=== DATA FOR THIS TASK ===
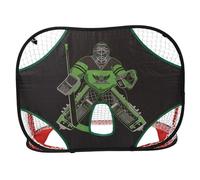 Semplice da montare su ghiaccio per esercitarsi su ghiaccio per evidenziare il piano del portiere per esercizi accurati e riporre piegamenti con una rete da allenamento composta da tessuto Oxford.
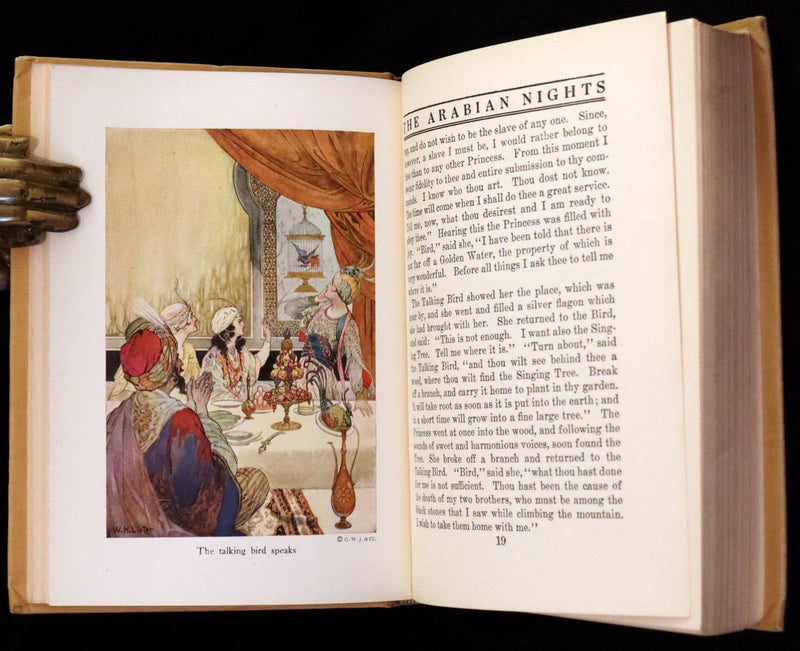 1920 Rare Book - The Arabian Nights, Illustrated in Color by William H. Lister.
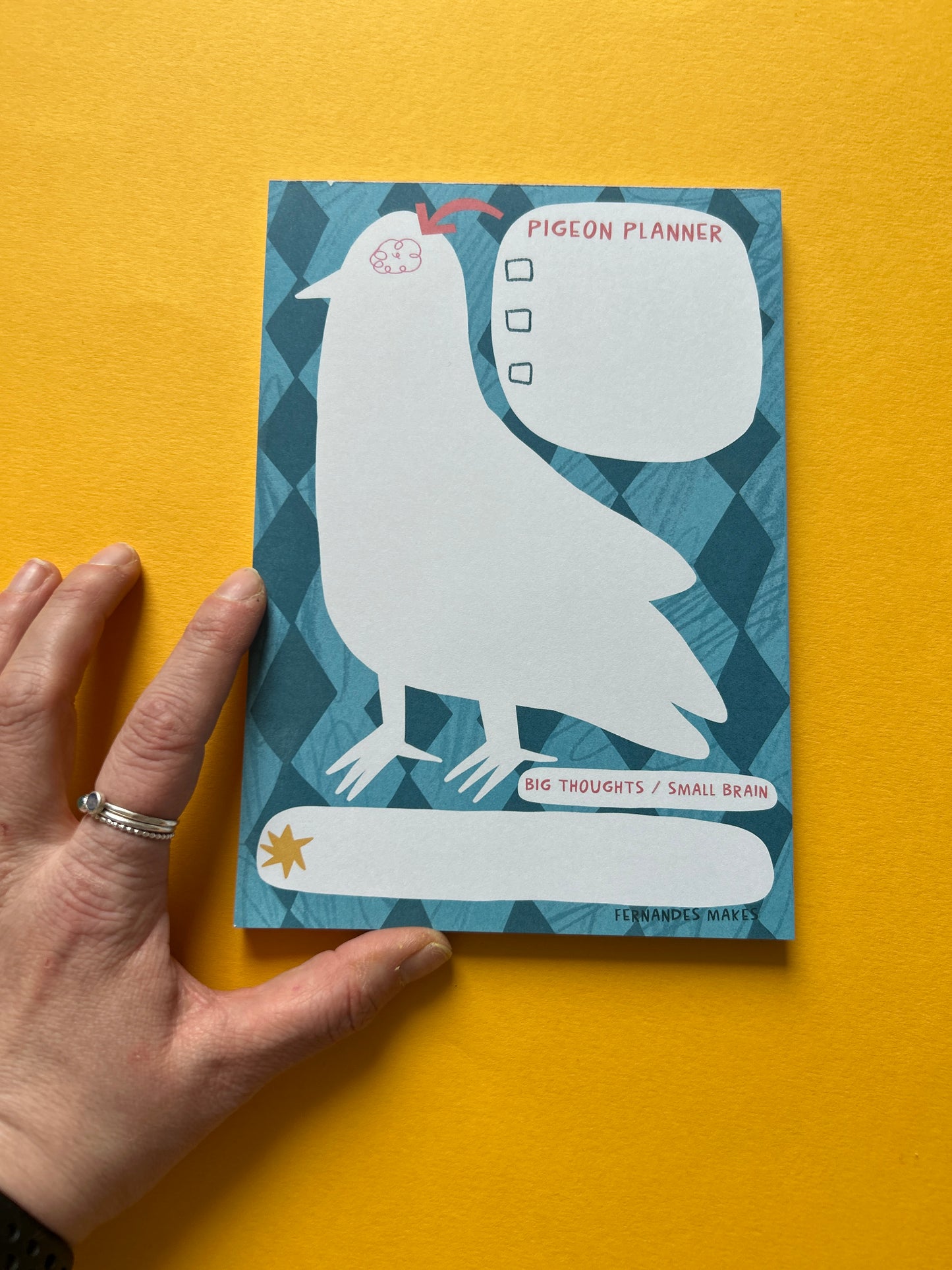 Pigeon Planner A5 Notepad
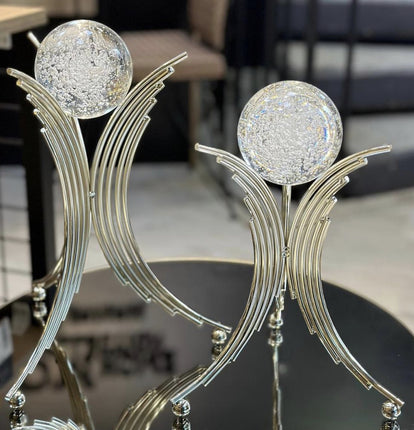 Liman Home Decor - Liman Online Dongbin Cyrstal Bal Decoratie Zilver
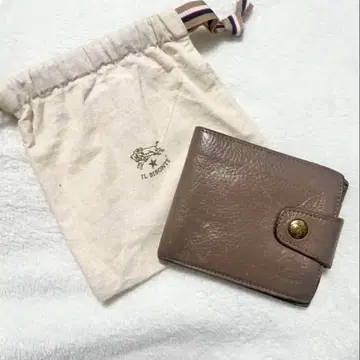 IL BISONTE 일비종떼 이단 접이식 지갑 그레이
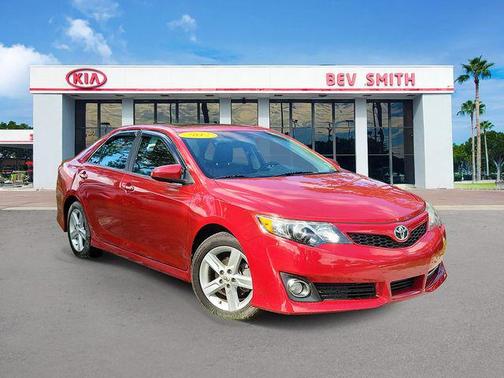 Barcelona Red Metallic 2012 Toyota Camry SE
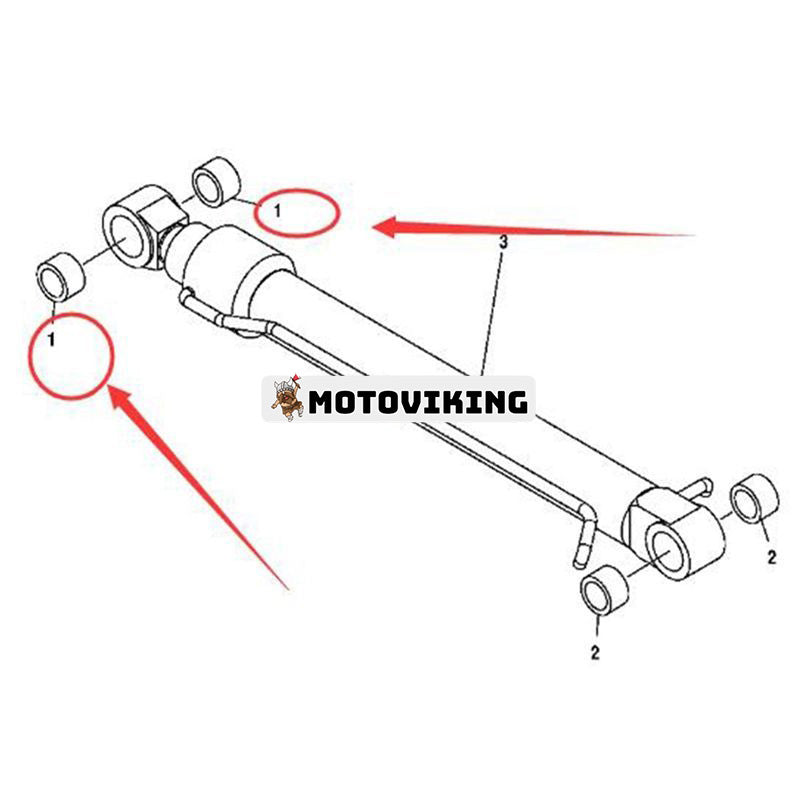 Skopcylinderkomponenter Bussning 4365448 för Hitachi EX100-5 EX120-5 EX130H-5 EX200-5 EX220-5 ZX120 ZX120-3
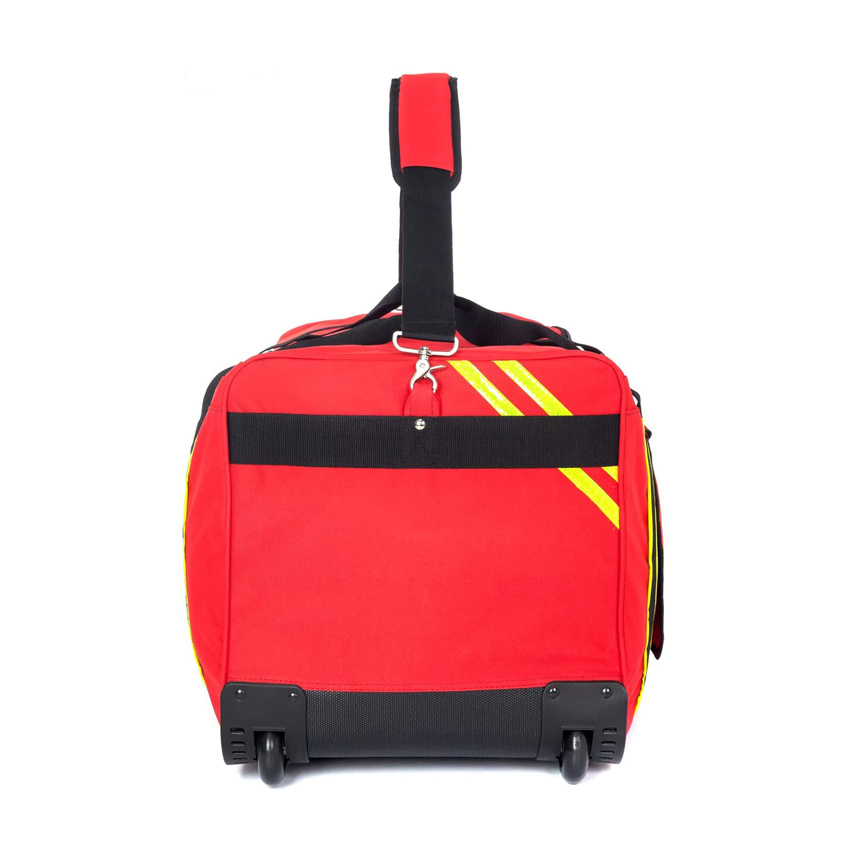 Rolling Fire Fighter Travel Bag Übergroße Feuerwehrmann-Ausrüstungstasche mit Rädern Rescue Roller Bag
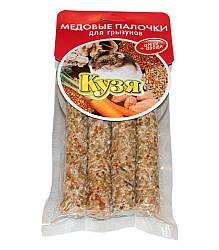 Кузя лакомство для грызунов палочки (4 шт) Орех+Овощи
===
> PROBLEM TO SOLVE
Using the records above, output an exact copy without any pictures.

> SOLUTION TO THIS PROBLEM
 Semplice da montare su ghiaccio per esercitarsi su ghiaccio per evidenziare il piano del portiere per esercizi accurati e riporre piegamenti con una rete da allenamento composta da tessuto Oxford.
 1920 Rare Book - The Arabian Nights, Illustrated in Color by William H. Lister.
 Pigeon Planner A5 Notepad
 Liman Home Decor - Liman Online Dongbin Cyrstal Bal Decoratie Zilver
 IL BISONTE 일비종떼 이단 접이식 지갑 그레이
 Barcelona Red Metallic 2012 Toyota Camry SE
 Skopcylinderkomponenter Bussning 4365448 för Hitachi EX100-5 EX120-5 EX130H-5 EX200-5 EX220-5 ZX120 ZX120-3
 Rolling Fire Fighter Travel Bag Übergroße Feuerwehrmann-Ausrüstungstasche mit Rädern Rescue Roller Bag
 Кузя лакомство для грызунов палочки (4 шт) Орех+Овощи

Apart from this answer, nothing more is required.